Note - when your trainer says "you need to hand the leash over the class before and disappear because he will dig in the entire time trying to get to you" Do NOT let the handler change that program on you. EVER.


----------



## Wunderwhy6 (Nov 29, 2020)

dogma13 said:


> Would it be possible to take a class in conformation showing at a local club?There's more to handling in the ring than meets the eye



Sorry for the delay in response. I found a few people who would be able to walk me through it, however we will be skipping this time. After speaking with some of the more experienced people at club, doing any conformation with her is not likely until she no longer needs strong corrections at the sight of another dog. She's improving by the month though so one day... 

I agree though, the more I am learning about it all, the more I am realizing it is not simply stacking and being handled by a stranger--> and working on the first two alone will keep us busy.


----------



## Wunderwhy6 (Nov 29, 2020)

Jax08 said:


> They check teeth, testicles, someone else is handling him, microchip.
> 
> Note - when your trainer says "you need to hand the leash over the class before and disappear because he will dig in the entire time trying to get to you" Do NOT let the handler change that program on you. EVER.



Thanks for the video! 

This will really show my inexperience because I don't actually know which one 😅 Along with the conformation, they are also doing IGP trialing, dental notation and breed survey. I would imagine that would mean SV but I can't find any mention on the club site. Either way, unless I go simply for the sake of observing or getting Kai's dental notation done, I am not competing this time around. Instead I am planning on using the time to work on her remaining still while being handled by strangers as well as continuing her progress around other dogs. 

I do want to ask what you mean by your last comment about not letting the handler change the program on you. Do you mean don't let them skip that portion in training?


----------



## Jax08 (Feb 13, 2009)

Wunderwhy6 said:


> Thanks for the video!
> 
> This will really show my inexperience because I don't actually know which one 😅 Along with the conformation, they are also doing IGP trialing, dental notation and breed survey. I would imagine that would mean SV but I can't find any mention on the club site. Either way, unless I go simply for the sake of observing or getting Kai's dental notation done, I am not competing this time around. Instead I am planning on using the time to work on her remaining still while being handled by strangers as well as continuing her progress around other dogs.
> 
> I do want to ask what you mean by your last comment about not letting the handler change the program on you. Do you mean don't let them skip that portion in training?

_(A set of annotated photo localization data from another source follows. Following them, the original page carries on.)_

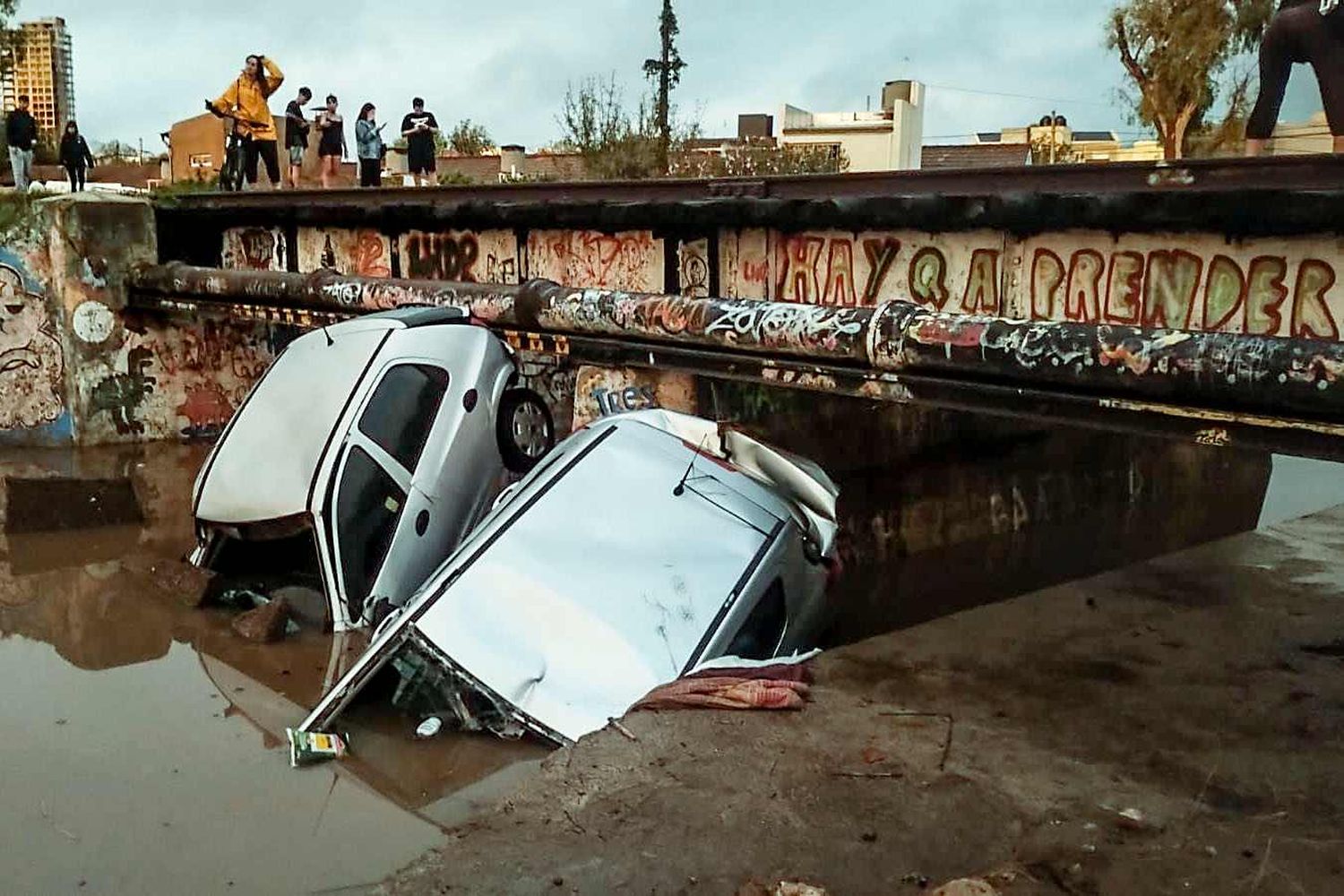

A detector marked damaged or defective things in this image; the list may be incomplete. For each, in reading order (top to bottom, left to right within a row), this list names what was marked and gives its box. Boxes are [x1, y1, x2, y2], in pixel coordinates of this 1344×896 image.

crashed car [186, 308, 554, 631]
crashed car [302, 410, 839, 746]
rusty metal pipe [128, 263, 1344, 424]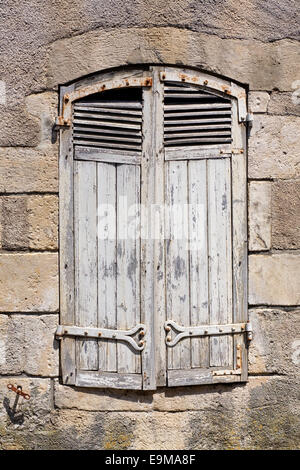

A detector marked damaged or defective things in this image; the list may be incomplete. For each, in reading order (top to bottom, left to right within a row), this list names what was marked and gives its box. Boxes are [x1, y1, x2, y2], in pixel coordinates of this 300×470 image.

corroded metal bracket [56, 324, 146, 350]
rusty metal hinge [56, 324, 146, 350]
corroded metal bracket [164, 322, 251, 346]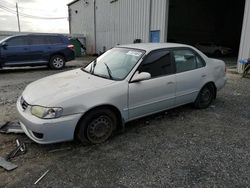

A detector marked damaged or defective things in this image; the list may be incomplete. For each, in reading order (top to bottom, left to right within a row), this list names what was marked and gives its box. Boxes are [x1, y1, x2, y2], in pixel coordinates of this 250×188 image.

damaged vehicle [15, 43, 227, 144]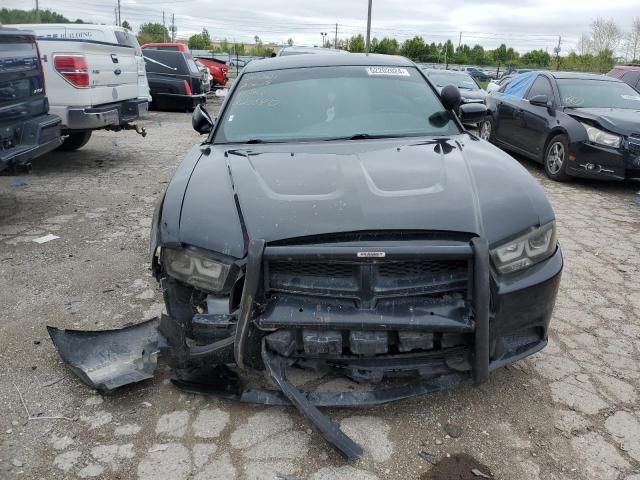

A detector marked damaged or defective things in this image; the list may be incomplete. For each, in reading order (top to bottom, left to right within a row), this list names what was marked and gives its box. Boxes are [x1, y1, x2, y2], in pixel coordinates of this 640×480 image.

shattered headlight [162, 248, 232, 292]
crumpled front bumper [48, 236, 560, 462]
torn bumper cover [47, 238, 564, 460]
damaged chevrolet cruze [50, 54, 564, 460]
damaged black dodge charger [51, 54, 564, 460]
cracked hood [176, 136, 556, 258]
shattered headlight [490, 222, 556, 274]
shattered headlight [580, 123, 620, 149]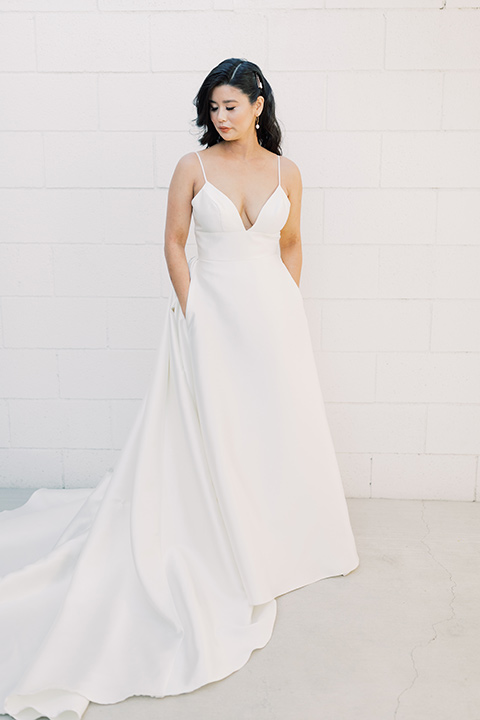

Yes. That is SV. What I mean by that is you make the handler do what hte trainer said and not let them make their own decision in the trial. If we had done that, he would have had a much better showing. 

Get on Facebook and find the SV conformation page. There are people there that can help you learn to ring train your dog. If you're young - then learn to be a handler!!! We very much need good handlers at every show!! And you get paid to do it!


----------



## Saphire (Apr 1, 2005)

Double handling isn’t as easy as it looks!!! Been there lol


----------